Certification impact summary
Area | Current position | Position if Order adopted 22 July 2026 |
Devices with Covered List entity chips | Authorizable — no component-level restriction beyond modular transmitters | Prohibited from certification and SDoC where the equivalent whole device would be prohibited |
Definition of the restricted component | None codified | New § 2.902 "logic-bearing hardware component" — >9 kHz + digital techniques, or RF-based data processing |
Software / firmware from Covered List entities | Not restricted at component level | Still not restricted (declined; record open, FNPRM seeks comment) |
Location-based Covered List entries (foreign UAS, routers) | Whole-device restriction | Component ban does not extend to their components |
Modifications by Covered List entities | Some restrictions; SDoC barred for covered equipment | Full recertification for any change, covered or not; no SDoC at all |
Online marketplace liability | Ambiguous | Explicitly within "marketing"; no intent requirement |
FCC ID display | Physical label / e-label / packaging | Also mandatory at the online point of sale, verified by the platform |
"Critical infrastructure" (Hikvision/Dahua/Hytera use-based entries) | Vacated by D.C. Circuit | PATRIOT Act § 1016(e) definition; 16 sectors + 55 NCFs |
Effective date of component ban | — | Immediate on adoption; no transition period |
Retail packaging FCC ID | Not required | Not adopted (record open) |
Timeline and required actions
Date | Event | Action required |
22 Dec 2025 | Foreign-produced UAS and UAS critical components added to Covered List (DA 25-1086) | Background — confirm exposure |
23 Mar 2026 | Foreign-produced consumer routers added to Covered List (DA 26-278) | Background — confirm exposure |
30 Jun 2026 | Draft Order circulated to Commissioners | — |
1 Jul 2026 | Draft Third R&O and Third FNPRM released (FCC-CIRC2607-05) | Audit HBOM against the Covered List now |
Before 22 Jul 2026 | Ex parte window (permit-but-disclose; Sunshine Agenda prohibition applies ~1 week prior) | File in ET Docket 21-232 via ECFS if you have material concerns |
22 Jul 2026, 10:30 ET | FCC Open Meeting vote | Component ban effective on adoption — no grace period |
Immediately post-adoption | OET advises TCBs | Amend any pending applications to substitute components |
Federal Register + 30 days | FNPRM comments due | File on HBOM/SBOM, SDoC registration, term limits, U.S. liable party |
Federal Register + 45 days | Reply comments due | File replies |
1 Jan 2027 | Buy American "domestic end product" UAS carve-out expires | Re-assess UAS authorizations |
1 Jan 2029 | OET waivers for software/firmware permissive changes to covered UAS and routers expire | Plan long-term update strategy |
Immediate action checklist:
Build or refresh a hardware bill of materials for every product in certification or planned for certification in the next 12 months.
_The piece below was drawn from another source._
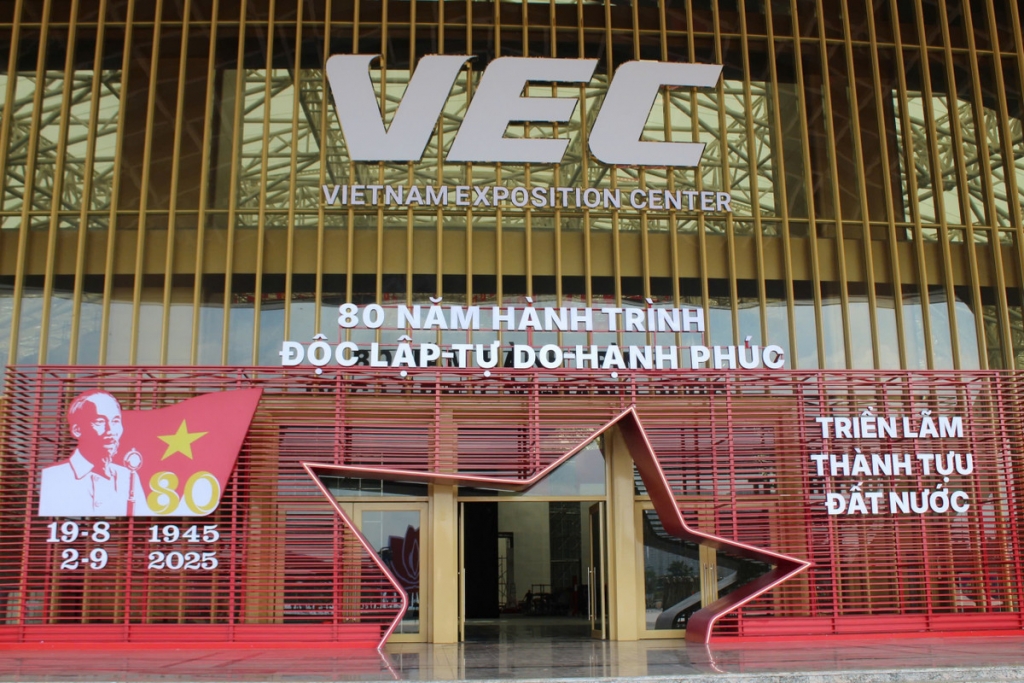 Do ảnh hưởng bão số 5, Lễ Khai mạc Triển lãm thành tựu Đất nước sẽ thay đổi địa điểm tổ chức.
Screen every logic-bearing component supplier against the FCC Covered List, including subsidiaries and affiliates.
Identify pending certification applications at risk and prepare component substitutions and amendments in advance of 22 July.
Confirm whether any of your products or components sit behind a DoW/DHS Conditional Approval these are time-limited and model-specific.
Instruct e-commerce channel partners to prepare FCC ID fields at the point of sale, and audit existing listings.
Consider filing in ET Docket 21-232 particularly on SDoC registration, term-limited authorizations and the U.S.-based liable party proposal, all of which would materially change the compliance economics of the SDoC route.